Our house was the first one built in the meadow that would quickly become a large gated subdivision with fenced yards. For two years as it built around us, we watched and learned what really happens when "civilization" arrives.
In the beginning, hawks soared high over the meadow and coyotes sang us to sleep at night. During the day when I'd take my dogs down to the creek to sit amid wildflowers under giant oak trees, we'd see deer or rabbits peek out at us as well as other small critters. Every day we'd greet two old cow dogs that had once run cattle across that meadow. The two scruffy, confused, old wranglers still took morning walks down to the creek, no doubt wondering what had happened to their wide open home on the range. They'd lived rough and long, but they didn't know about dodging cars and construction trucks now lumbering across the meadow.
One of the cow dogs was the first meadow casualty. We saw his old companion sad and alone at the creek bank one morning, then we found him lying close to the road. After that, his old friend came to the creek once or twice, then disappeared as well.
Rabbits were increasingly forced to live out in the open as fences went up around their former habitats. One of them I named Mazie would stand at my fence gate and wait for carrots and lettuce each evening. There wasn't much else left for her to eat. Twice she came into my backyard to deliver her bunnies. One day, she too disappeared.
Although most people wouldn't categorize me as a sentimentalist, the tragedy and irony of that meadow taught me what may have been the greatest lesson of my life.
I noticed over time that the only things growing fatter around our meadow-in-transition were the hawks and the coyotes. Small animals didn't have a chance. One of the coyotes grew into a huge, magnificent, proud creature - King of the Meadow. While my neighbors and I mourned the loss of small creatures, we still thrilled in catching a glimpse of that wild creature stalking the neighborhood at night. His fur grew thick, his eyes bright. He became more wolf than coyote and the pride of the subdivision. Something wild had survived us - for a while.
One day as we drove home to our completed subdivision, we noticed cars moving slowly around something lying in the road near the entrance. No one blew horns or resorted to road rage as they gazed down at the road where he lay - the last coyote, lying there still except for the wind blowing through his thick gray fur. Everyone gazed sadly, silently, even respectfully upon this last wild thing.

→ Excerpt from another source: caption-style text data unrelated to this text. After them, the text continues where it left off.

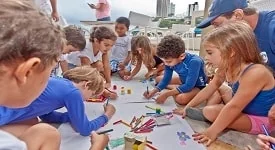 Aula aberta da Escolinha de Natação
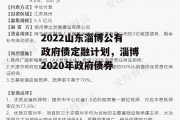 2022山东淄博公有政府债定融计划，淄博2020年政府债券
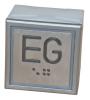 ZB Taster STEP C Brail/Tak rot "EG"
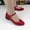 Red, variant on Honeeladyy Sales Online Summer Ladies Shoes Wedge Heel Retro Hollow Out Casual Women's Sandals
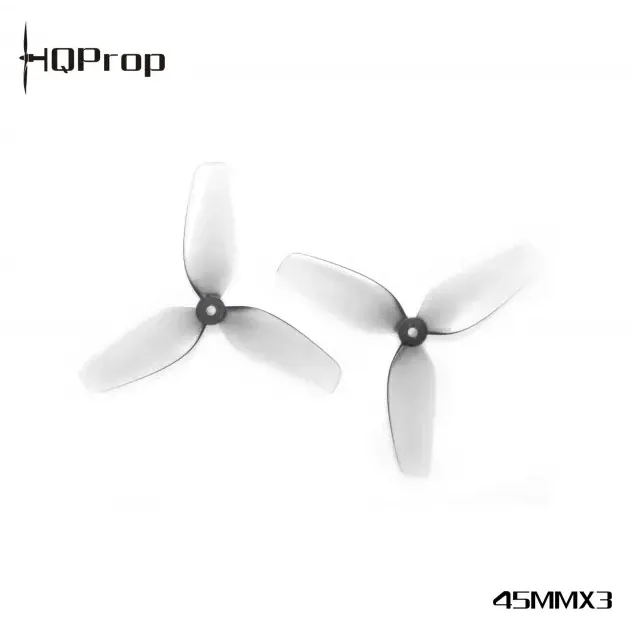 HQProp 45mm 3-Blade Whoop Propeller 1.5mm Shaft (Set of 4, 2CW+2CCW)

And so the new school came to serve the people of the former meadow, and with that came the businesses to support those who now lived in the former meadow. Traffic increased, and one day not long after the last coyote died, the first human traffic fatality occurred at the intersection. And we, the people who had moved to the meadow for its natural beauty and its slower pace discovered that we had built the thing we'd fled.
And with the coming of spring that year, on our evening walks, we noticed that the other walkers around us were no longer friendly strollers aware of and soothed by any beauty around them, but were instead speed-walkers timed to wrist watches, panting and sweating in the stifling heat rising from the concrete meadow.
Until someone with the power and the will to be heard yells, "Stop! This is madness," development of what should be protected will continue, and when it does, no one wins. We all lose.